▽
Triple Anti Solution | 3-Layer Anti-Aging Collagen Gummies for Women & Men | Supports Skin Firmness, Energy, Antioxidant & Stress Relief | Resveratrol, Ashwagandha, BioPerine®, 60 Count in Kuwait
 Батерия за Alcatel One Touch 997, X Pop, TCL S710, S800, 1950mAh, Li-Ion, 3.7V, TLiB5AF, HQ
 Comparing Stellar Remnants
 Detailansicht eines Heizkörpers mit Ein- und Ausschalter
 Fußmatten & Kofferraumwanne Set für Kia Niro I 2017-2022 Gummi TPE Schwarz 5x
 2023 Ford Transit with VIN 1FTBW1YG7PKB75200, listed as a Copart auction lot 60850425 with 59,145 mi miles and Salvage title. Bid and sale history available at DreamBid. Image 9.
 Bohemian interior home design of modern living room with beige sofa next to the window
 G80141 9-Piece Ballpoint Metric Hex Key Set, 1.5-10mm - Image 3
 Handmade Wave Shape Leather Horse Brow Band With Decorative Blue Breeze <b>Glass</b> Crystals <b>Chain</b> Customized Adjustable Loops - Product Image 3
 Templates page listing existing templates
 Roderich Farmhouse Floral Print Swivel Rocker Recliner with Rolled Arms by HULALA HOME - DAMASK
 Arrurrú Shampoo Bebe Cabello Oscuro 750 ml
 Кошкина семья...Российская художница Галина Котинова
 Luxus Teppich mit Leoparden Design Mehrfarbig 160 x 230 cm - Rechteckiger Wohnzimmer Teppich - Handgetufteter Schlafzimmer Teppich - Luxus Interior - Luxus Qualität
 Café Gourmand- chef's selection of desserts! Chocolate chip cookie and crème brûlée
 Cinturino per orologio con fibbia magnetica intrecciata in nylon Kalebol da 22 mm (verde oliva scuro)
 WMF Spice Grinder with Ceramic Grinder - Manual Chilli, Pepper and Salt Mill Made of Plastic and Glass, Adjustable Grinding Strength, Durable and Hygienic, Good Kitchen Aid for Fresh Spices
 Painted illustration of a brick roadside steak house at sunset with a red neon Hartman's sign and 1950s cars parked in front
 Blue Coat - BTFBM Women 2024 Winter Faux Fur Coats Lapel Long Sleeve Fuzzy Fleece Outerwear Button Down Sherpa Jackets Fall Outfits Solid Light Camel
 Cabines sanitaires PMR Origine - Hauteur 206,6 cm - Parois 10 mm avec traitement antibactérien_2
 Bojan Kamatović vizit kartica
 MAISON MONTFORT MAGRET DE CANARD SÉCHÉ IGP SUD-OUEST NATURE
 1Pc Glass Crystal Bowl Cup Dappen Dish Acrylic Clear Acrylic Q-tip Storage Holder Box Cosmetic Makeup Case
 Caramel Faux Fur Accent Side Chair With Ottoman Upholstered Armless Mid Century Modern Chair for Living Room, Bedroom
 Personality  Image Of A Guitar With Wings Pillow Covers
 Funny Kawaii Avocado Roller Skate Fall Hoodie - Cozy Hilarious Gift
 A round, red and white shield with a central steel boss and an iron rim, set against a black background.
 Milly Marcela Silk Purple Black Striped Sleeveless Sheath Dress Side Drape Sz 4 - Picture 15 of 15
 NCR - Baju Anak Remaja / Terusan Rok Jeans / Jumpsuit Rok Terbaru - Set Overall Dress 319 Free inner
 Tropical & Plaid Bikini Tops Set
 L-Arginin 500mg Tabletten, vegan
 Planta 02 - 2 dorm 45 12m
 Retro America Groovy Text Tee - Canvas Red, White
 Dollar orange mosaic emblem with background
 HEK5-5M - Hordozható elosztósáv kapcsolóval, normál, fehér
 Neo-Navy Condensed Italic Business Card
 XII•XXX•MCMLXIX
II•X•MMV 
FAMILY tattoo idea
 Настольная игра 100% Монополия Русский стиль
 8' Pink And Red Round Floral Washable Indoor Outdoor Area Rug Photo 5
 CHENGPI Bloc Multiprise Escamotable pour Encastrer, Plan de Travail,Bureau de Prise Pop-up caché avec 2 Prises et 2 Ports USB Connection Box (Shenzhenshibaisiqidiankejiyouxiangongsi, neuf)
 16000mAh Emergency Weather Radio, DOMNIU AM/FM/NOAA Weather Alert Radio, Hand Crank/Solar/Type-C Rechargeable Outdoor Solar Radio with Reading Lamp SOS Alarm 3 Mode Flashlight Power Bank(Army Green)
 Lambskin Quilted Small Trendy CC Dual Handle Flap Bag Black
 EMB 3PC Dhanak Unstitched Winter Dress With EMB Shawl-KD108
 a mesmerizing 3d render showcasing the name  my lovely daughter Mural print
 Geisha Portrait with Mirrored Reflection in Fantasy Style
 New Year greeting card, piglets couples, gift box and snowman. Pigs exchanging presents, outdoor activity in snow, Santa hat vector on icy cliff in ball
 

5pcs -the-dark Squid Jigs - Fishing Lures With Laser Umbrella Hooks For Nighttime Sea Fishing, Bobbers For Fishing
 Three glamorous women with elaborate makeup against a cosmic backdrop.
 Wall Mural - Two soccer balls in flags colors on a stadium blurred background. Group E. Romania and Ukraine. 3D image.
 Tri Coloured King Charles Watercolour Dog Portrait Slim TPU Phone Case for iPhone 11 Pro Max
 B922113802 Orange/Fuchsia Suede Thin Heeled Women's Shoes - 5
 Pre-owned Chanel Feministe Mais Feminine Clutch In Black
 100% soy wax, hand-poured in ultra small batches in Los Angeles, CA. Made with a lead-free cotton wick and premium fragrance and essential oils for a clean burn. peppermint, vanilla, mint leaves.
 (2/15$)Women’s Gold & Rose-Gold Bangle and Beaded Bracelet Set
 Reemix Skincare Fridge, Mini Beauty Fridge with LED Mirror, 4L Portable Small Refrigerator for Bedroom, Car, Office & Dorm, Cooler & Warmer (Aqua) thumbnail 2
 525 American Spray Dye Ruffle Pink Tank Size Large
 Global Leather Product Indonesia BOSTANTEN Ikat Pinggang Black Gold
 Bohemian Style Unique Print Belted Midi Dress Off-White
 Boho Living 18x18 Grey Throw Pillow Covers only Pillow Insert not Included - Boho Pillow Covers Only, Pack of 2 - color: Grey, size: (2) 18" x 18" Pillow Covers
△
What this task involves
Starting at the first line and ending at the last, restate the material word for word.

Finished exercise
Triple Anti Solution | 3-Layer Anti-Aging Collagen Gummies for Women & Men | Supports Skin Firmness, Energy, Antioxidant & Stress Relief | Resveratrol, Ashwagandha, BioPerine®, 60 Count in Kuwait
 Батерия за Alcatel One Touch 997, X Pop, TCL S710, S800, 1950mAh, Li-Ion, 3.7V, TLiB5AF, HQ
 Comparing Stellar Remnants
 Detailansicht eines Heizkörpers mit Ein- und Ausschalter
 Fußmatten & Kofferraumwanne Set für Kia Niro I 2017-2022 Gummi TPE Schwarz 5x
 2023 Ford Transit with VIN 1FTBW1YG7PKB75200, listed as a Copart auction lot 60850425 with 59,145 mi miles and Salvage title. Bid and sale history available at DreamBid. Image 9.
 Bohemian interior home design of modern living room with beige sofa next to the window
 G80141 9-Piece Ballpoint Metric Hex Key Set, 1.5-10mm - Image 3
 Handmade Wave Shape Leather Horse Brow Band With Decorative Blue Breeze <b>Glass</b> Crystals <b>Chain</b> Customized Adjustable Loops - Product Image 3
 Templates page listing existing templates
 Roderich Farmhouse Floral Print Swivel Rocker Recliner with Rolled Arms by HULALA HOME - DAMASK
 Arrurrú Shampoo Bebe Cabello Oscuro 750 ml
 Кошкина семья...Российская художница Галина Котинова
 Luxus Teppich mit Leoparden Design Mehrfarbig 160 x 230 cm - Rechteckiger Wohnzimmer Teppich - Handgetufteter Schlafzimmer Teppich - Luxus Interior - Luxus Qualität
 Café Gourmand- chef's selection of desserts! Chocolate chip cookie and crème brûlée
 Cinturino per orologio con fibbia magnetica intrecciata in nylon Kalebol da 22 mm (verde oliva scuro)
 WMF Spice Grinder with Ceramic Grinder - Manual Chilli, Pepper and Salt Mill Made of Plastic and Glass, Adjustable Grinding Strength, Durable and Hygienic, Good Kitchen Aid for Fresh Spices
 Painted illustration of a brick roadside steak house at sunset with a red neon Hartman's sign and 1950s cars parked in front
 Blue Coat - BTFBM Women 2024 Winter Faux Fur Coats Lapel Long Sleeve Fuzzy Fleece Outerwear Button Down Sherpa Jackets Fall Outfits Solid Light Camel
 Cabines sanitaires PMR Origine - Hauteur 206,6 cm - Parois 10 mm avec traitement antibactérien_2
 Bojan Kamatović vizit kartica
 MAISON MONTFORT MAGRET DE CANARD SÉCHÉ IGP SUD-OUEST NATURE
 1Pc Glass Crystal Bowl Cup Dappen Dish Acrylic Clear Acrylic Q-tip Storage Holder Box Cosmetic Makeup Case
 Caramel Faux Fur Accent Side Chair With Ottoman Upholstered Armless Mid Century Modern Chair for Living Room, Bedroom
 Personality  Image Of A Guitar With Wings Pillow Covers
 Funny Kawaii Avocado Roller Skate Fall Hoodie - Cozy Hilarious Gift
 A round, red and white shield with a central steel boss and an iron rim, set against a black background.
 Milly Marcela Silk Purple Black Striped Sleeveless Sheath Dress Side Drape Sz 4 - Picture 15 of 15
 NCR - Baju Anak Remaja / Terusan Rok Jeans / Jumpsuit Rok Terbaru - Set Overall Dress 319 Free inner
 Tropical & Plaid Bikini Tops Set
 L-Arginin 500mg Tabletten, vegan
 Planta 02 - 2 dorm 45 12m
 Retro America Groovy Text Tee - Canvas Red, White
 Dollar orange mosaic emblem with background
 HEK5-5M - Hordozható elosztósáv kapcsolóval, normál, fehér
 Neo-Navy Condensed Italic Business Card
 XII•XXX•MCMLXIX
II•X•MMV 
FAMILY tattoo idea
 Настольная игра 100% Монополия Русский стиль
 8' Pink And Red Round Floral Washable Indoor Outdoor Area Rug Photo 5
 CHENGPI Bloc Multiprise Escamotable pour Encastrer, Plan de Travail,Bureau de Prise Pop-up caché avec 2 Prises et 2 Ports USB Connection Box (Shenzhenshibaisiqidiankejiyouxiangongsi, neuf)
 16000mAh Emergency Weather Radio, DOMNIU AM/FM/NOAA Weather Alert Radio, Hand Crank/Solar/Type-C Rechargeable Outdoor Solar Radio with Reading Lamp SOS Alarm 3 Mode Flashlight Power Bank(Army Green)
 Lambskin Quilted Small Trendy CC Dual Handle Flap Bag Black
 EMB 3PC Dhanak Unstitched Winter Dress With EMB Shawl-KD108
 a mesmerizing 3d render showcasing the name  my lovely daughter Mural print
 Geisha Portrait with Mirrored Reflection in Fantasy Style
 New Year greeting card, piglets couples, gift box and snowman. Pigs exchanging presents, outdoor activity in snow, Santa hat vector on icy cliff in ball
 

5pcs -the-dark Squid Jigs - Fishing Lures With Laser Umbrella Hooks For Nighttime Sea Fishing, Bobbers For Fishing
 Three glamorous women with elaborate makeup against a cosmic backdrop.
 Wall Mural - Two soccer balls in flags colors on a stadium blurred background. Group E. Romania and Ukraine. 3D image.
 Tri Coloured King Charles Watercolour Dog Portrait Slim TPU Phone Case for iPhone 11 Pro Max
 B922113802 Orange/Fuchsia Suede Thin Heeled Women's Shoes - 5
 Pre-owned Chanel Feministe Mais Feminine Clutch In Black
 100% soy wax, hand-poured in ultra small batches in Los Angeles, CA. Made with a lead-free cotton wick and premium fragrance and essential oils for a clean burn. peppermint, vanilla, mint leaves.
 (2/15$)Women’s Gold & Rose-Gold Bangle and Beaded Bracelet Set
 Reemix Skincare Fridge, Mini Beauty Fridge with LED Mirror, 4L Portable Small Refrigerator for Bedroom, Car, Office & Dorm, Cooler & Warmer (Aqua) thumbnail 2
 525 American Spray Dye Ruffle Pink Tank Size Large
 Global Leather Product Indonesia BOSTANTEN Ikat Pinggang Black Gold
 Bohemian Style Unique Print Belted Midi Dress Off-White
 Boho Living 18x18 Grey Throw Pillow Covers only Pillow Insert not Included - Boho Pillow Covers Only, Pack of 2 - color: Grey, size: (2) 18" x 18" Pillow Covers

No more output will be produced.